Seulement il promet plus qu’il ne peut tenir. Le dédoublement parfait, ou la pleine adhésion à soi, ce sont des états limites vers lesquels la conscience s’oriente avec obstination, mais qu’elle n’atteint jamais. Les philosophes, et notamment J
‐P Sartre, conviennent que cette recherche est vouée à l’échec ; ils vont jusqu’à croire qu’elle n’est jamais entreprise que dans l’obscure intention de rencontrer l’échec. Cette quiétude, cette plénitude, cette sécurité nous sont désirables parce que la condition naturelle de la conscience de soi est exactement l’inverse : insécurité, fuite, présence et distance imparfaites. La réflexion, d’une part, nous arrache à la spontanéité aveugle de l’instinct ; mais, d’autre part, comme la réflexion reste éternellement inachevée, nous n’accédons jamais à la clairvoyance où l’image de nous‐mêmes apparaîtrait avec la précision d’un objet.
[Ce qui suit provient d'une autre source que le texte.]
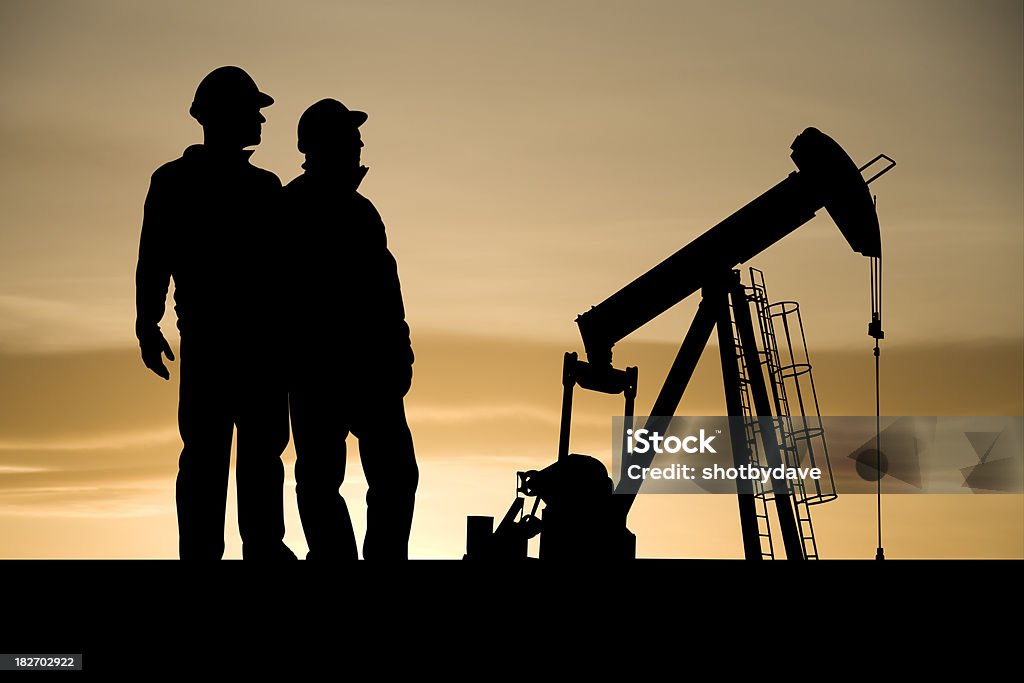 Icons of the Oil Industry Two industry workers stand next to an iconic symbol of the oil and gas industry - an oil pumpjack. Drilling Rig Stock Photo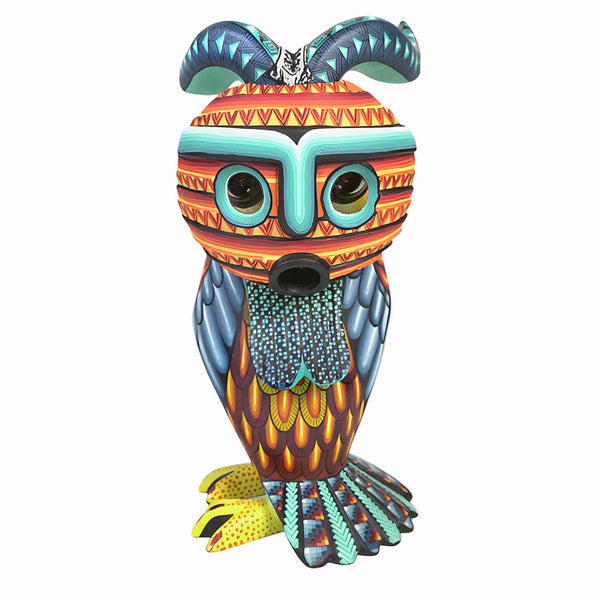 Colorful owl Alebrije figurine with decorative patterns on a white background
Dans la réflexion, l’unité primitive de la conscience se fêle : l’être qui se rapporte réflexivement à lui
‐ même perd la possession entière de soi qui est le privilège des actes obscurs du sentiment. Se voir réflexivement, c’est rencontrer un fantôme, à la fois proche et jamais rejoint. C’est donc dissiper une précieuse présence : l’on recule dans le néant pour se représenter sa propre existence. Ainsi devient‐on l’esclave d’un paraître, que l’on a fait surgir sur une scène imaginaire afin de s’apparaître à ses propres yeux. A partir de là, tous les dangers moraux du mensonge nous guettent : vanité, amour propre, etc. Telle est la théorie (2). Aussi comprend‐on que Rousseau ait eu parfois la tentation d’en finir avec la réflexion et de nier la possibilité même de toute vue intérieure. Le voici qui décrète : « Nous ne voyons ni l’âme d’autrui, parce qu’elle se cache, ni la nôtre, parce que nous n’avons point de miroir intellectuel. Nous sommes de tout point aveugles, mais aveugles‐nés ». Nous ne possédons ni la vision, ni le miroir où notre effigie puisse se refléter. Nous sommes condamnés à l’obscur. Est‐ce dire que nous serons privés de toute connaissance de nous‐mêmes ? Nullement, Si, dans l’obscur, l’acte du regard est impossible, il nous reste l’évidence du sentiment.